Estradiol and progesterone analysis
Plasma samples from each participant were thawed at room temperature and assayed together on the same day in one batch to eliminate between-assay variability. Plasma concentrations of both hormones were quantified by a high-performance solid phase competitive enzyme-linked immunosorbent assay (Human estradiol and Progesterone ELISA Kit, Calbiotech, Inc, Cordell CA, USA) on an ELISA Reader (Thermofischer Scientific) as previously described36.
DNA extraction
Genomic DNA was extracted from stored vaginal swabs using the Zymobiomics DNA extraction Kit (Zymo research Irvine, CA USA) adhering to the manufacturer’s protocol as previously described37. Briefly, frozen swabs were thawed on ice and suspended into a 2 ml bashing bead lysis tube containing lysis solution. Microbial cells were lysed by mechanical disruption with a high-speed cell disruptor (FastPrep Classic Instrument, MP Biomedicals, LLC Irvine, CA, USA) set at 6.0 m/s for 1 min. The Bashing Bead lysis tube were centrifuge at 10,000 × g for 1 min. The resulting lysate (supernatant) was further processed with the Zymobiomics DNA extraction Kit (Zymo research Irvine, CA USA) and the DNA was eluted in 100 μl of TE buffer.

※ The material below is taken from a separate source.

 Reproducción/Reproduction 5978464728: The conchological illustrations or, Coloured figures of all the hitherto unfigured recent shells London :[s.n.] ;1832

Vaginal 16S rRNA gene amplification and sequencing
Amplification of the V3–V5 hypervariable regions of the 16S rRNA gene was performed using a two step-PCR and then incorporating Illumina flow cell adaptors containing indices as previously described38. In the first PCR reaction samples were amplified with the following conditions: 95 °C for 5 min, 35 cycles of: 98 °C for 20 s, 55 °C for 19 s, and 72 °C for 60 s, a final 72 °C extension for 5 min and hold at 4 °C.
V3_515F and V5_806R primers39 modified with Nextera adaptors were developed in collaboration with the University of Minnesota Genomic Center in Minneapolis, MN, USA.
V3_515F_Nextera:
TCGTCGGCAGCGTCAGATGTGTATAAGAGACAGCCTACGGGAGGCAGCAG
V5_806R_Nextera:
GTCTCGTGGGCTCGGAGATGTGTATAAGAGACAGCCGTCAATTCMTTTRAGT
Primary PCR products were diluted 1:100 in PCR grade water for secondary PCR reactions. PCR cycling conditions were 95 °C for 5 min, 10 cycles of: 98 °C for 20 s, 55 °C for 15 s, and 72 °C for 60 s, and a final 72 °C extension for 5 min. The second amplification was performed using different combinations of forward and reverse indexing primers. The following indexing primer design was utilized38, ([i5] and [i7] indicates the position of the forward and reverse indices respectively.
Forward i5 primer: AATGATACGGCGACCACCGAGATCTACAC[i5]
TCGTCGGCAGCGTC
Reverse i7 primer: CAAGCAGAAGACGGCATACGAGAT[i7]
GTCTCGTGGGCTCGG
PCR products were diluted to 20 μL with PCR grade water and cleaned up using 1.0× AMPureAP beads (Beckman Coulter, Brea, CA), vacuum-dried, reconstituted in 12 μL of PCR grade water, quantified using a Quant-It dsDNA HS assay kit (Thermo Fisher Scientific Inc., Waltham, MA), normalized and pooled. The sequencing pool was concentrated, cleaned up using 1.8× AMPureAP beads (Beckman Coulter, Brea, CA). Pooled 16S amplicon samples are quantified using the KAPA SYBR FAST qPCR kit (KAPA Biosystems, Woburn, MA), diluted to 2 nM, denatured with an equal volume of 0.2 N NaOH, diluted to 8 pM with Illumina HT1 buffer, spiked with 10% PhiX, heat denatured at 96 °C for 2 min immediately prior to loading and sequenced using the MiSeq 600 cycle v3 kit (Illumina, San Diego, CA) and MCS v2.6.1.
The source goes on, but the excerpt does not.